(Beginning of Extracted entries)
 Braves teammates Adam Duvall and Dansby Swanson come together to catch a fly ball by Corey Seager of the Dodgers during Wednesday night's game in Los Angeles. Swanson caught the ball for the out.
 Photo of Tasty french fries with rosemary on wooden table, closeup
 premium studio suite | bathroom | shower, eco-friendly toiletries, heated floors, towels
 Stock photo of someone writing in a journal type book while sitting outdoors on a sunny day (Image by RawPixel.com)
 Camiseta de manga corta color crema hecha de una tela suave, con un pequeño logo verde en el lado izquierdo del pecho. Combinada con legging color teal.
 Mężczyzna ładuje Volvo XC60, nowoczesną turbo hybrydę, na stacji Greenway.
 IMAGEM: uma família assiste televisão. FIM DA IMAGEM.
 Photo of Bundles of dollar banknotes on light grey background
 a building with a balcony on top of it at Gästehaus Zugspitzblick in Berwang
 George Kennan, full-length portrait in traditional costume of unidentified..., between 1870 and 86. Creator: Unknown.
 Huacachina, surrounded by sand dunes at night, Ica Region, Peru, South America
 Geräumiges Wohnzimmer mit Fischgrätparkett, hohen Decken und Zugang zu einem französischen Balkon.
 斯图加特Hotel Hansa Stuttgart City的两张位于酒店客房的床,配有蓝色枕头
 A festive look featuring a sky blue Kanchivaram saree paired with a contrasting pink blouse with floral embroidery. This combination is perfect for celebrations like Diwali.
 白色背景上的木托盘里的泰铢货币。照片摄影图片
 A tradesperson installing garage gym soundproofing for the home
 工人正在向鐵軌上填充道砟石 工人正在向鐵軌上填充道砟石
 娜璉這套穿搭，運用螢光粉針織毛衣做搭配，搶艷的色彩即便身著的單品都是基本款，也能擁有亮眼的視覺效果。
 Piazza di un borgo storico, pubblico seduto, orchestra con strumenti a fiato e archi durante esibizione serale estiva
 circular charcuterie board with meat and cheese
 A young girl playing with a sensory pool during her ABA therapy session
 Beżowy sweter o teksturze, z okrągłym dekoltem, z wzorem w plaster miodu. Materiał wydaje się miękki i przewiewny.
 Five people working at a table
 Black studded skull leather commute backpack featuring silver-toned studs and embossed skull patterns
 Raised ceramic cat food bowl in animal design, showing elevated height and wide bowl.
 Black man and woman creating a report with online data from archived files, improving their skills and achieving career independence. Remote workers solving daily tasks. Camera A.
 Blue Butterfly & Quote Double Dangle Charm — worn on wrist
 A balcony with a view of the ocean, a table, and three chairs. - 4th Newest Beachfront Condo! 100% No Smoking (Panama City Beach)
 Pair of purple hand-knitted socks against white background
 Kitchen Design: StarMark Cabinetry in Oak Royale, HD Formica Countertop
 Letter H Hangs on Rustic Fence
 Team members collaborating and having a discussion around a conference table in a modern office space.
(End of Extracted entries)
#### Task statement:
Repeat the material, keeping every word exactly as it is.

#### Response to the exercise:
 Braves teammates Adam Duvall and Dansby Swanson come together to catch a fly ball by Corey Seager of the Dodgers during Wednesday night's game in Los Angeles. Swanson caught the ball for the out.
 Photo of Tasty french fries with rosemary on wooden table, closeup
 premium studio suite | bathroom | shower, eco-friendly toiletries, heated floors, towels
 Stock photo of someone writing in a journal type book while sitting outdoors on a sunny day (Image by RawPixel.com)
 Camiseta de manga corta color crema hecha de una tela suave, con un pequeño logo verde en el lado izquierdo del pecho. Combinada con legging color teal.
 Mężczyzna ładuje Volvo XC60, nowoczesną turbo hybrydę, na stacji Greenway.
 IMAGEM: uma família assiste televisão. FIM DA IMAGEM.
 Photo of Bundles of dollar banknotes on light grey background
 a building with a balcony on top of it at Gästehaus Zugspitzblick in Berwang
 George Kennan, full-length portrait in traditional costume of unidentified..., between 1870 and 86. Creator: Unknown.
 Huacachina, surrounded by sand dunes at night, Ica Region, Peru, South America
 Geräumiges Wohnzimmer mit Fischgrätparkett, hohen Decken und Zugang zu einem französischen Balkon.
 斯图加特Hotel Hansa Stuttgart City的两张位于酒店客房的床,配有蓝色枕头
 A festive look featuring a sky blue Kanchivaram saree paired with a contrasting pink blouse with floral embroidery. This combination is perfect for celebrations like Diwali.
 白色背景上的木托盘里的泰铢货币。照片摄影图片
 A tradesperson installing garage gym soundproofing for the home
 工人正在向鐵軌上填充道砟石 工人正在向鐵軌上填充道砟石
 娜璉這套穿搭，運用螢光粉針織毛衣做搭配，搶艷的色彩即便身著的單品都是基本款，也能擁有亮眼的視覺效果。
 Piazza di un borgo storico, pubblico seduto, orchestra con strumenti a fiato e archi durante esibizione serale estiva
 circular charcuterie board with meat and cheese
 A young girl playing with a sensory pool during her ABA therapy session
 Beżowy sweter o teksturze, z okrągłym dekoltem, z wzorem w plaster miodu. Materiał wydaje się miękki i przewiewny.
 Five people working at a table
 Black studded skull leather commute backpack featuring silver-toned studs and embossed skull patterns
 Raised ceramic cat food bowl in animal design, showing elevated height and wide bowl.
 Black man and woman creating a report with online data from archived files, improving their skills and achieving career independence. Remote workers solving daily tasks. Camera A.
 Blue Butterfly & Quote Double Dangle Charm — worn on wrist
 A balcony with a view of the ocean, a table, and three chairs. - 4th Newest Beachfront Condo! 100% No Smoking (Panama City Beach)
 Pair of purple hand-knitted socks against white background
 Kitchen Design: StarMark Cabinetry in Oak Royale, HD Formica Countertop
 Letter H Hangs on Rustic Fence
 Team members collaborating and having a discussion around a conference table in a modern office space.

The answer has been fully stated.